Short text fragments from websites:
════════════════

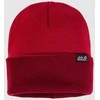 JackWolfskin Megzta kepurė JACK WOLFSKIN RIB | raudona
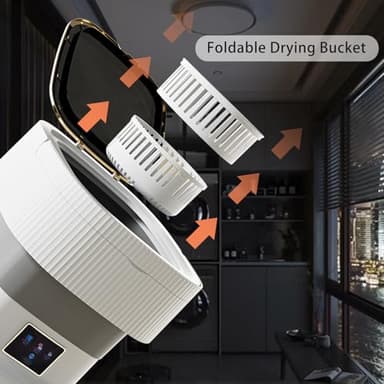 SAZCIS Portable Washing, 15 L 60W Portable Washer, 3 Modes Wash Machine for Underwear, Baby Clothes, Sock, Suitable for Apartments, Travel, Hotels, Camping and RV (Purple) - Image 9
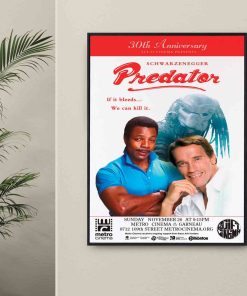 Schwarzenegger Predator 30th Anniversary Vintage Poster Canvas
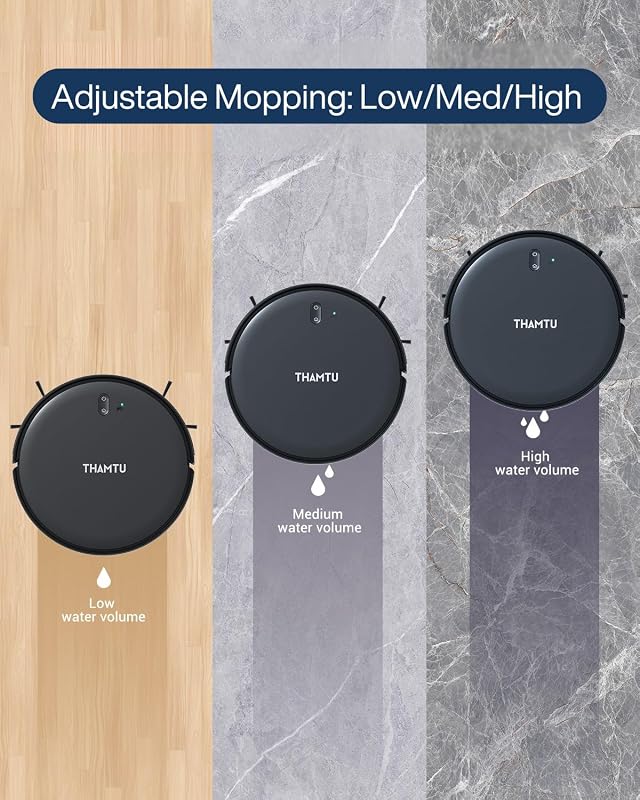 Thamtu Robot Vacuum Cleaner – Up to 120 minutes per charge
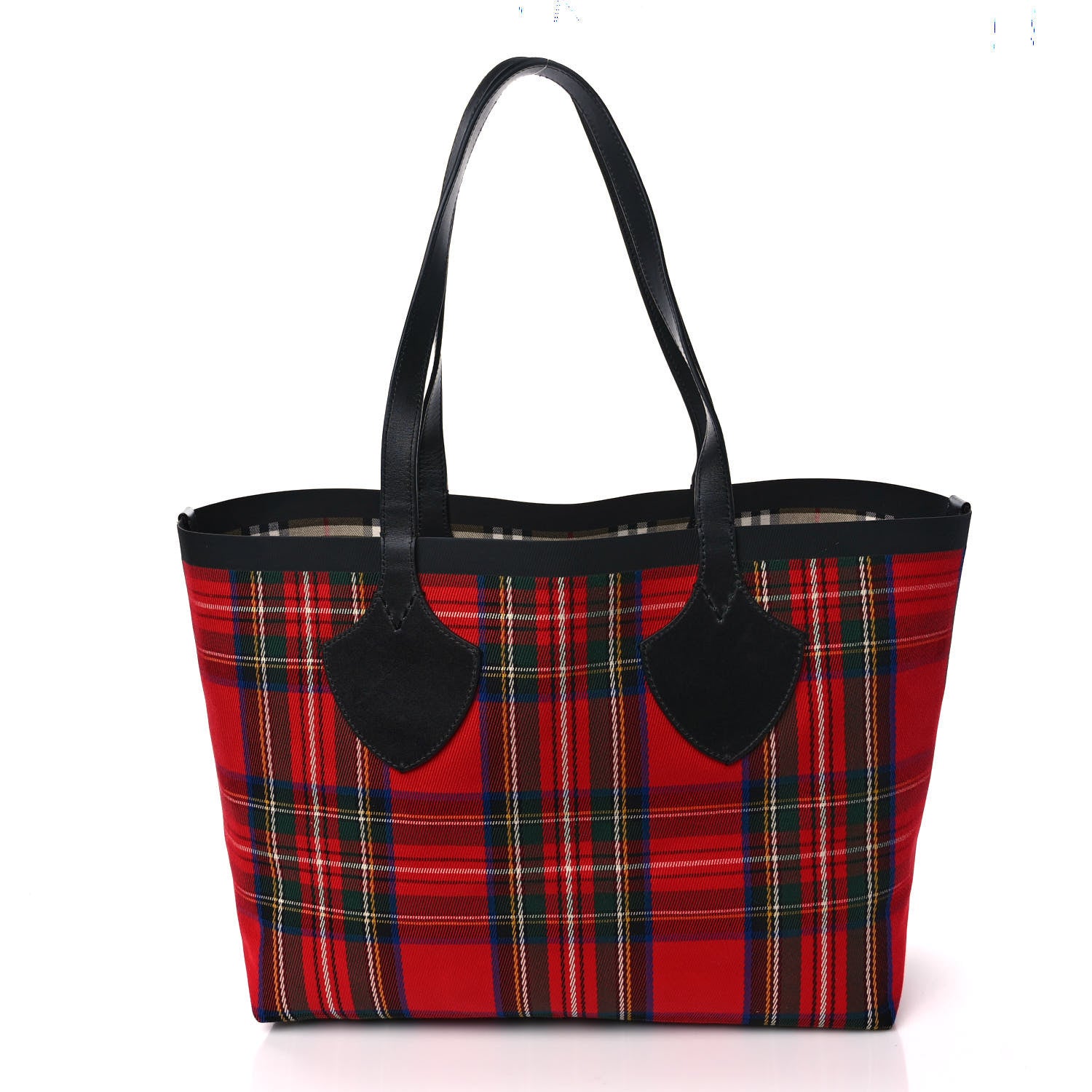 Burberry Vintage Check Medium The Giant Reversible Tote Antique Yellow Bright Red 3 of 15
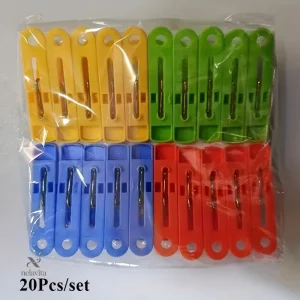 Lot de 12 pinces résistantes pour étendage de linge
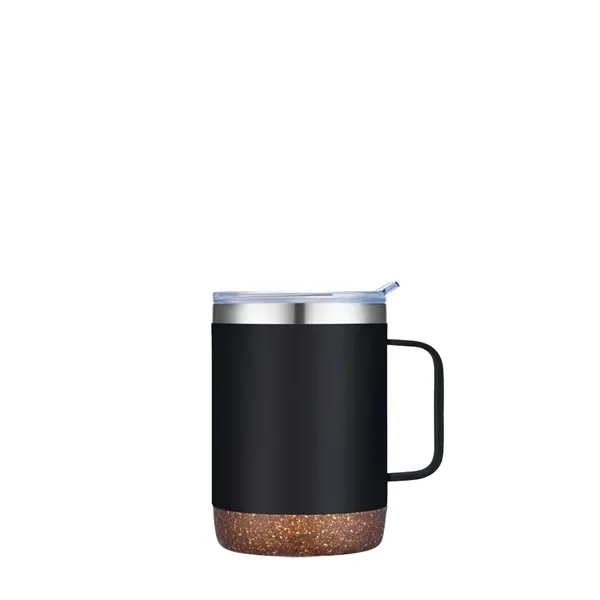 Slate 12 oz Vacuum Mug with Cork Bottom - Slate 12 oz Vacuum Mug with Cork Bottom - Image 1 of 5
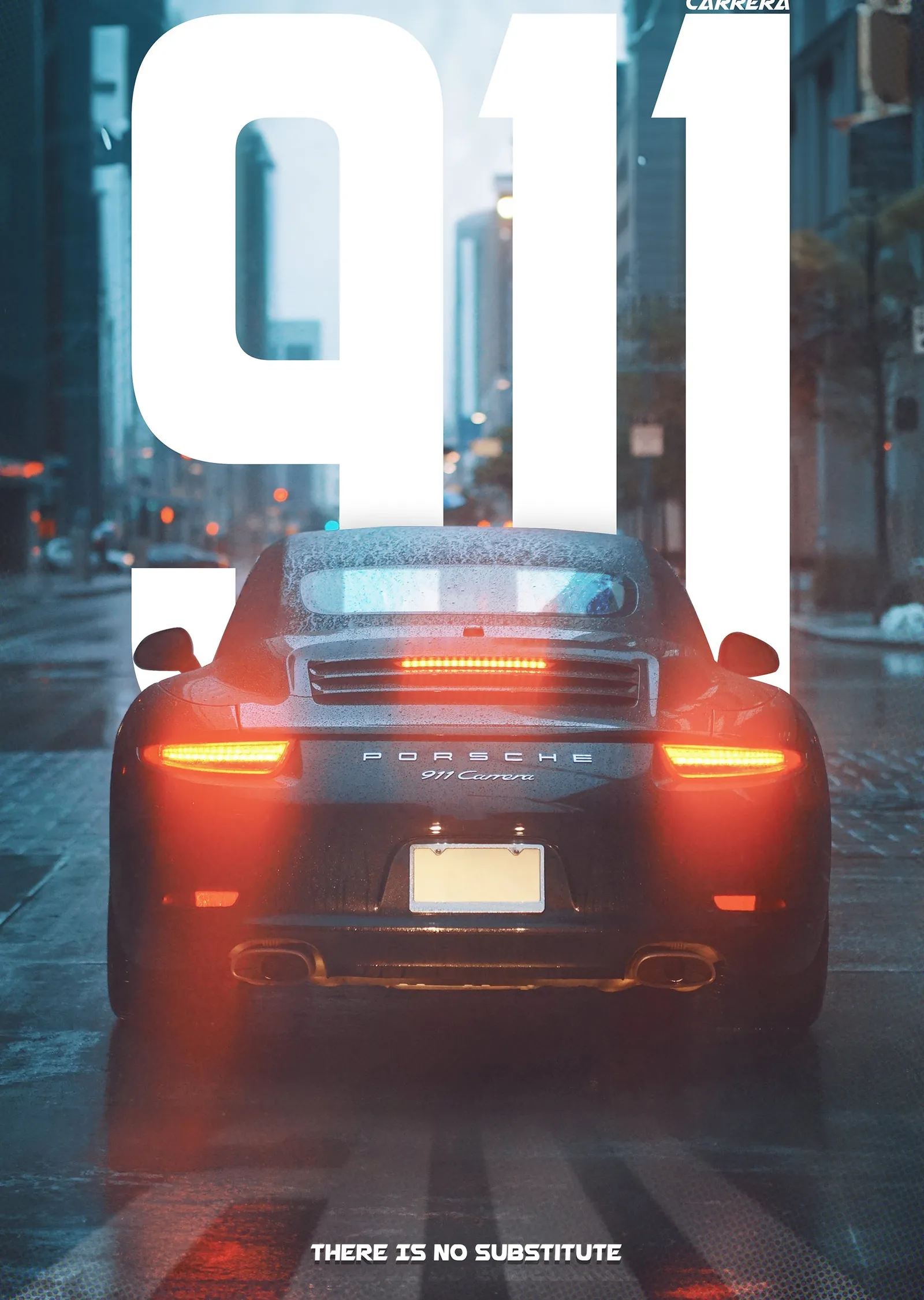 Porsche 911 Carrera: There Is No Substitute metal tablo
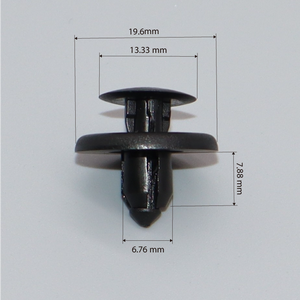 फास्टनरों नायलॉन स्नैवेट रिवेट प्लास्टिक नायलॉन रिवेट काले प्लास्टिक - Product Image 6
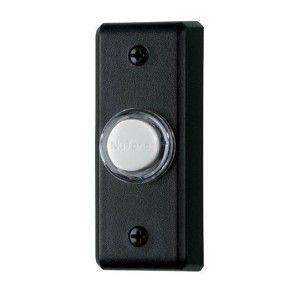 Nutone PB69LBL Pushbutton, Lighted Rectangular Surface Mounted Doorbell   Black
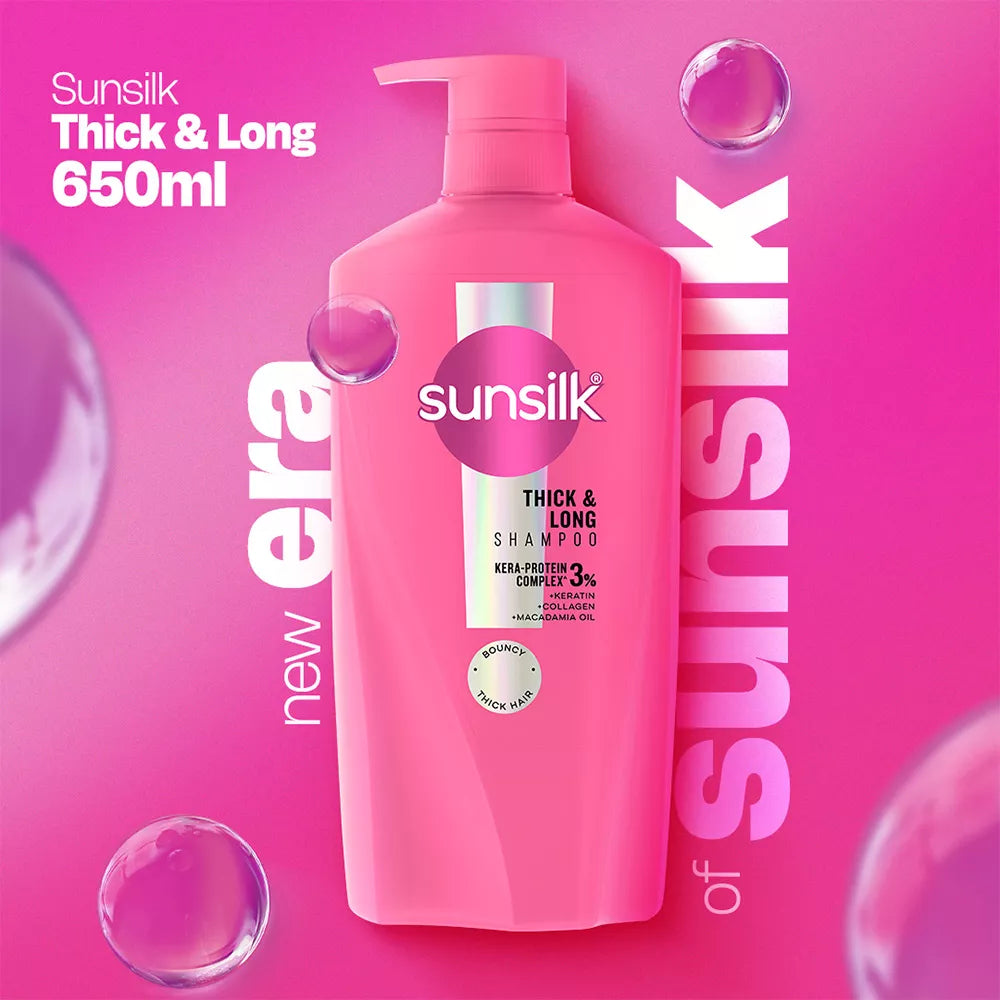 SUNSILK THICK AND LONG SHAMPOO 650 ml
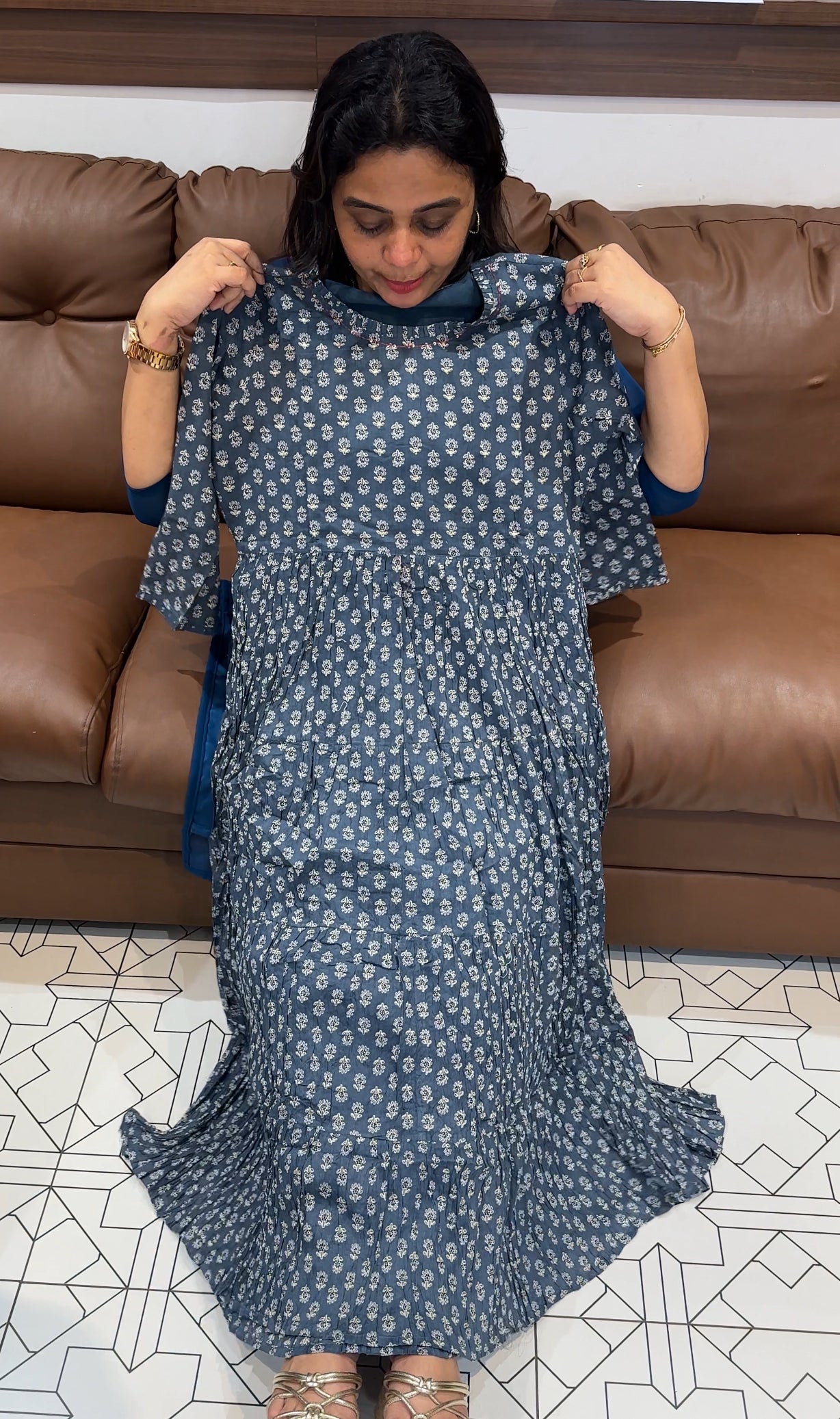 MUL COTTON LONG TOPS - IHA 26643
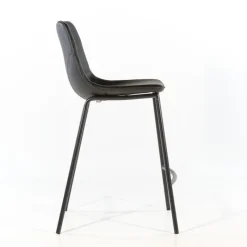 CoqueTabouret coque snack en synthétique et pieds en métal* Tabouret Snack (assise +/- 65 Cm)|Tabouret De Bar (assise +/- 80 Cm)
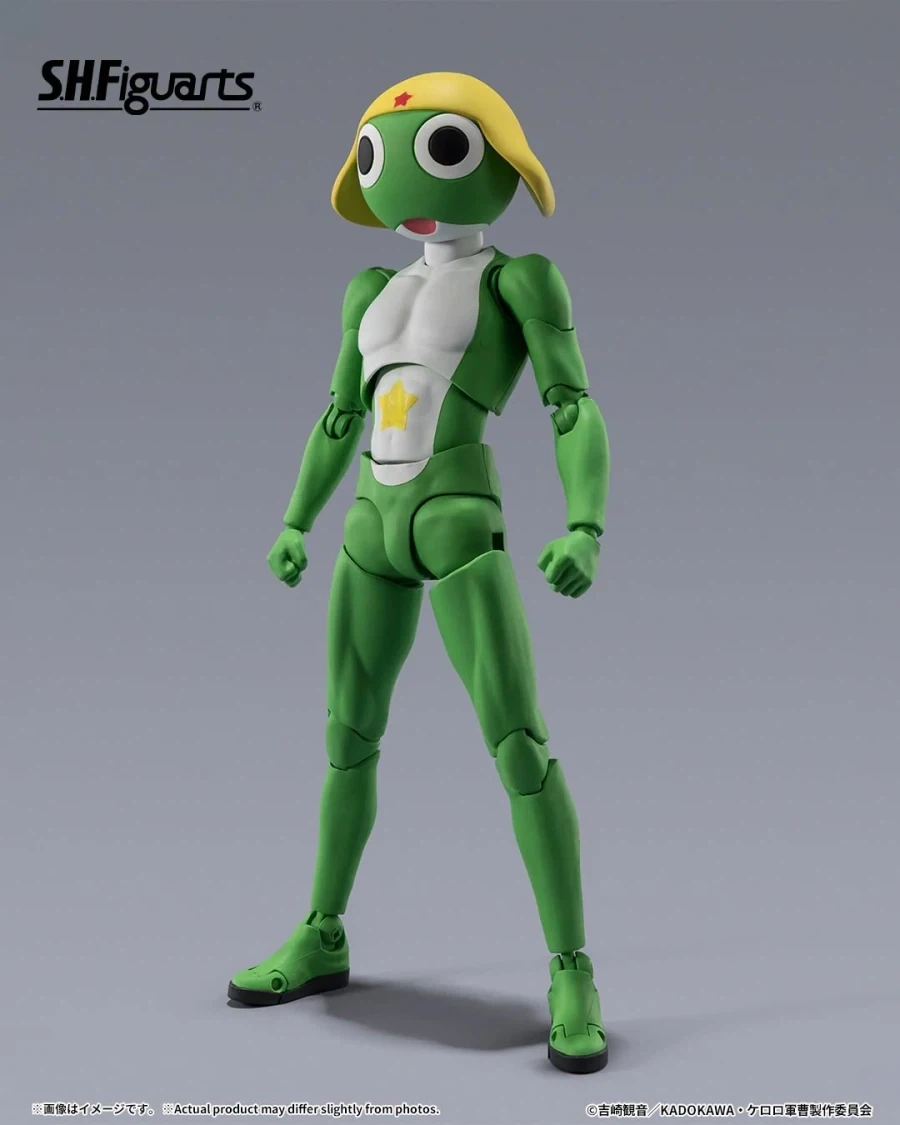 [반다이] S.H.Figuarts 케로로 중사 & 페코폰(퍼렁별)인 슈트 세트 - 이미지 4
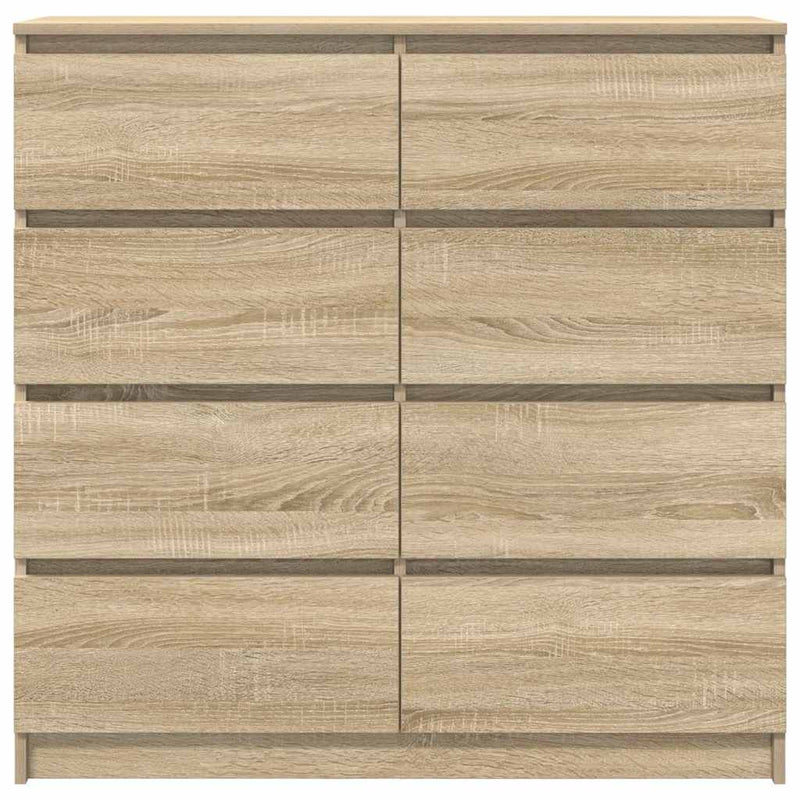 vidaXL sonoma tölgy színű szerelt fa tálalóasztal 100x35x99 cm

════════════════

Problem to solve: Pictures must be left out of the answer, which should be exactly the lines from the one holding "Burberry Vintage Check" through the last line of the entries above, both included; please add nothing.

Answer section:
 Burberry Vintage Check Medium The Giant Reversible Tote Antique Yellow Bright Red 3 of 15
 Lot de 12 pinces résistantes pour étendage de linge
 Slate 12 oz Vacuum Mug with Cork Bottom - Slate 12 oz Vacuum Mug with Cork Bottom - Image 1 of 5
 Porsche 911 Carrera: There Is No Substitute metal tablo
 फास्टनरों नायलॉन स्नैवेट रिवेट प्लास्टिक नायलॉन रिवेट काले प्लास्टिक - Product Image 6
 Nutone PB69LBL Pushbutton, Lighted Rectangular Surface Mounted Doorbell   Black
 SUNSILK THICK AND LONG SHAMPOO 650 ml
 MUL COTTON LONG TOPS - IHA 26643
 CoqueTabouret coque snack en synthétique et pieds en métal* Tabouret Snack (assise +/- 65 Cm)|Tabouret De Bar (assise +/- 80 Cm)
 [반다이] S.H.Figuarts 케로로 중사 & 페코폰(퍼렁별)인 슈트 세트 - 이미지 4
 vidaXL sonoma tölgy színű szerelt fa tálalóasztal 100x35x99 cm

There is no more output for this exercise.